(Data extracts begins)
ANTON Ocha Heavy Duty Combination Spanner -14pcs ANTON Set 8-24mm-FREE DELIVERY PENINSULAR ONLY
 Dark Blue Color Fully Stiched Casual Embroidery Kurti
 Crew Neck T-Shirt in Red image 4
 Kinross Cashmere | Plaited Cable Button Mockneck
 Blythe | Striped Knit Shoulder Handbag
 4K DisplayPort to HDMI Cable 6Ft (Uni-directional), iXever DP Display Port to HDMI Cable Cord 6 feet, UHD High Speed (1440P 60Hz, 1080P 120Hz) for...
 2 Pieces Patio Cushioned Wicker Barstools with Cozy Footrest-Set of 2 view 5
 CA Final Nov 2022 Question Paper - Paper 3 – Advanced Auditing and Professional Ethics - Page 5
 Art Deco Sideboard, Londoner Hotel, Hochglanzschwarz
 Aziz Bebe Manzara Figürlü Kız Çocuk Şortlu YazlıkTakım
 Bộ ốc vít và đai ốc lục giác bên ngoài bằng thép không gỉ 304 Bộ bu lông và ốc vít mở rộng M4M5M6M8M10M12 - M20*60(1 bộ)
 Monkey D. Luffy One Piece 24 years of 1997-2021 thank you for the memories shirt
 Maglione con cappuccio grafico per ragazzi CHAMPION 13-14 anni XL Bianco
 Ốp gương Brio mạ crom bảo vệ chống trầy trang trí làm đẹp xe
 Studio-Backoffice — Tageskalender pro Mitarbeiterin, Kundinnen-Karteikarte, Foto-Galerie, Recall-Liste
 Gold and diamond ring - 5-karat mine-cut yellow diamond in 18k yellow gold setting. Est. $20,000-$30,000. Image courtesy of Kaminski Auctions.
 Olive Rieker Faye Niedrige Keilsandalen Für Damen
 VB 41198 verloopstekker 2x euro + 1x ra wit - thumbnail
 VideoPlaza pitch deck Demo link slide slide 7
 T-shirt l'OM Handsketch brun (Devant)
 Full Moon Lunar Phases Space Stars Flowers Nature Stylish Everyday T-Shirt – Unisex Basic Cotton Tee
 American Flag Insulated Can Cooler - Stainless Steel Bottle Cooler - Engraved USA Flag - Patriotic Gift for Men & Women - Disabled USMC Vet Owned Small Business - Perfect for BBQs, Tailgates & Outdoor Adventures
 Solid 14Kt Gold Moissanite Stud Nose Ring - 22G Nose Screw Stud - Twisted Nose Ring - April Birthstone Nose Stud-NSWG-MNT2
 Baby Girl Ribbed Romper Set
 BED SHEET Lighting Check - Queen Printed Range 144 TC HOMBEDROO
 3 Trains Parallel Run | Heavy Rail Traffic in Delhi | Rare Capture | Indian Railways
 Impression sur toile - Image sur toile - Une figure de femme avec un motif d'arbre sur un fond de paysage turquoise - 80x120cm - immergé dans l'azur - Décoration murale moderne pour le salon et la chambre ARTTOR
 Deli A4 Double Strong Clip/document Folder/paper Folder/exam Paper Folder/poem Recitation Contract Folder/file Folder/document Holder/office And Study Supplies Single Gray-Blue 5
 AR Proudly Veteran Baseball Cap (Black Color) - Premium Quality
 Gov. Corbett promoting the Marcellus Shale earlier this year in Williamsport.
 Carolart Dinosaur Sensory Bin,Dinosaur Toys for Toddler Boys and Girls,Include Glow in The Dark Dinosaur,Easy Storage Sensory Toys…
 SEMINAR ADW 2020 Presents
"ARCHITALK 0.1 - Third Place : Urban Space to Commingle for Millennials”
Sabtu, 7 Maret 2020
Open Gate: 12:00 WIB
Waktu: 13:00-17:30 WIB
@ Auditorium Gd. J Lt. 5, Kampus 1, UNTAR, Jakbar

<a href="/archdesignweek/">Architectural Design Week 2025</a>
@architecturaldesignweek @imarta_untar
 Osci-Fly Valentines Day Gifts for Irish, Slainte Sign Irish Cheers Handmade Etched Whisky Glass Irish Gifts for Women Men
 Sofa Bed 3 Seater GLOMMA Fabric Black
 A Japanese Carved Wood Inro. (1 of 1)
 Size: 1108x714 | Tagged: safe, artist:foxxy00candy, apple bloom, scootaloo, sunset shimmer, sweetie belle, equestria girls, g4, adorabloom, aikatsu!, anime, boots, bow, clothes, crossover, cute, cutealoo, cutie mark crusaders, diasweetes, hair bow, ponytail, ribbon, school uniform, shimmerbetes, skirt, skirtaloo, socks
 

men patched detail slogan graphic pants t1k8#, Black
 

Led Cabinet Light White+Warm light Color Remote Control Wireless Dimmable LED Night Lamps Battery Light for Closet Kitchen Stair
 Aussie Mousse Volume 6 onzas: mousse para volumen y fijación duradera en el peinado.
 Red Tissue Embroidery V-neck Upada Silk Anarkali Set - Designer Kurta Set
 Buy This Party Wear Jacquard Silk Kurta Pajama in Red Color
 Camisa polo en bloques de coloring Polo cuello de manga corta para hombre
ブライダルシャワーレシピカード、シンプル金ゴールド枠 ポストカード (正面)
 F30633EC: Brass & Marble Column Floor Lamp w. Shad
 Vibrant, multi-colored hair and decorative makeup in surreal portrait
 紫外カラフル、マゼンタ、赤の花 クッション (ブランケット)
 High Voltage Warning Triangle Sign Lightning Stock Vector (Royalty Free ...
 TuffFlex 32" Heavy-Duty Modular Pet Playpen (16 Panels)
(Data extracts ends)
Required work: Copy out the entire listing word for word. Keep every line as it is.

Task answer:
ANTON Ocha Heavy Duty Combination Spanner -14pcs ANTON Set 8-24mm-FREE DELIVERY PENINSULAR ONLY
 Dark Blue Color Fully Stiched Casual Embroidery Kurti
 Crew Neck T-Shirt in Red image 4
 Kinross Cashmere | Plaited Cable Button Mockneck
 Blythe | Striped Knit Shoulder Handbag
 4K DisplayPort to HDMI Cable 6Ft (Uni-directional), iXever DP Display Port to HDMI Cable Cord 6 feet, UHD High Speed (1440P 60Hz, 1080P 120Hz) for...
 2 Pieces Patio Cushioned Wicker Barstools with Cozy Footrest-Set of 2 view 5
 CA Final Nov 2022 Question Paper - Paper 3 – Advanced Auditing and Professional Ethics - Page 5
 Art Deco Sideboard, Londoner Hotel, Hochglanzschwarz
 Aziz Bebe Manzara Figürlü Kız Çocuk Şortlu YazlıkTakım
 Bộ ốc vít và đai ốc lục giác bên ngoài bằng thép không gỉ 304 Bộ bu lông và ốc vít mở rộng M4M5M6M8M10M12 - M20*60(1 bộ)
 Monkey D. Luffy One Piece 24 years of 1997-2021 thank you for the memories shirt
 Maglione con cappuccio grafico per ragazzi CHAMPION 13-14 anni XL Bianco
 Ốp gương Brio mạ crom bảo vệ chống trầy trang trí làm đẹp xe
 Studio-Backoffice — Tageskalender pro Mitarbeiterin, Kundinnen-Karteikarte, Foto-Galerie, Recall-Liste
 Gold and diamond ring - 5-karat mine-cut yellow diamond in 18k yellow gold setting. Est. $20,000-$30,000. Image courtesy of Kaminski Auctions.
 Olive Rieker Faye Niedrige Keilsandalen Für Damen
 VB 41198 verloopstekker 2x euro + 1x ra wit - thumbnail
 VideoPlaza pitch deck Demo link slide slide 7
 T-shirt l'OM Handsketch brun (Devant)
 Full Moon Lunar Phases Space Stars Flowers Nature Stylish Everyday T-Shirt – Unisex Basic Cotton Tee
 American Flag Insulated Can Cooler - Stainless Steel Bottle Cooler - Engraved USA Flag - Patriotic Gift for Men & Women - Disabled USMC Vet Owned Small Business - Perfect for BBQs, Tailgates & Outdoor Adventures
 Solid 14Kt Gold Moissanite Stud Nose Ring - 22G Nose Screw Stud - Twisted Nose Ring - April Birthstone Nose Stud-NSWG-MNT2
 Baby Girl Ribbed Romper Set
 BED SHEET Lighting Check - Queen Printed Range 144 TC HOMBEDROO
 3 Trains Parallel Run | Heavy Rail Traffic in Delhi | Rare Capture | Indian Railways
 Impression sur toile - Image sur toile - Une figure de femme avec un motif d'arbre sur un fond de paysage turquoise - 80x120cm - immergé dans l'azur - Décoration murale moderne pour le salon et la chambre ARTTOR
 Deli A4 Double Strong Clip/document Folder/paper Folder/exam Paper Folder/poem Recitation Contract Folder/file Folder/document Holder/office And Study Supplies Single Gray-Blue 5
 AR Proudly Veteran Baseball Cap (Black Color) - Premium Quality
 Gov. Corbett promoting the Marcellus Shale earlier this year in Williamsport.
 Carolart Dinosaur Sensory Bin,Dinosaur Toys for Toddler Boys and Girls,Include Glow in The Dark Dinosaur,Easy Storage Sensory Toys…
 SEMINAR ADW 2020 Presents
"ARCHITALK 0.1 - Third Place : Urban Space to Commingle for Millennials”
Sabtu, 7 Maret 2020
Open Gate: 12:00 WIB
Waktu: 13:00-17:30 WIB
@ Auditorium Gd. J Lt. 5, Kampus 1, UNTAR, Jakbar

<a href="/archdesignweek/">Architectural Design Week 2025</a>
@architecturaldesignweek @imarta_untar
 Osci-Fly Valentines Day Gifts for Irish, Slainte Sign Irish Cheers Handmade Etched Whisky Glass Irish Gifts for Women Men
 Sofa Bed 3 Seater GLOMMA Fabric Black
 A Japanese Carved Wood Inro. (1 of 1)
 Size: 1108x714 | Tagged: safe, artist:foxxy00candy, apple bloom, scootaloo, sunset shimmer, sweetie belle, equestria girls, g4, adorabloom, aikatsu!, anime, boots, bow, clothes, crossover, cute, cutealoo, cutie mark crusaders, diasweetes, hair bow, ponytail, ribbon, school uniform, shimmerbetes, skirt, skirtaloo, socks
 

men patched detail slogan graphic pants t1k8#, Black
 

Led Cabinet Light White+Warm light Color Remote Control Wireless Dimmable LED Night Lamps Battery Light for Closet Kitchen Stair
 Aussie Mousse Volume 6 onzas: mousse para volumen y fijación duradera en el peinado.
 Red Tissue Embroidery V-neck Upada Silk Anarkali Set - Designer Kurta Set
 Buy This Party Wear Jacquard Silk Kurta Pajama in Red Color
 Camisa polo en bloques de coloring Polo cuello de manga corta para hombre
ブライダルシャワーレシピカード、シンプル金ゴールド枠 ポストカード (正面)
 F30633EC: Brass & Marble Column Floor Lamp w. Shad
 Vibrant, multi-colored hair and decorative makeup in surreal portrait
 紫外カラフル、マゼンタ、赤の花 クッション (ブランケット)
 High Voltage Warning Triangle Sign Lightning Stock Vector (Royalty Free ...
 TuffFlex 32" Heavy-Duty Modular Pet Playpen (16 Panels)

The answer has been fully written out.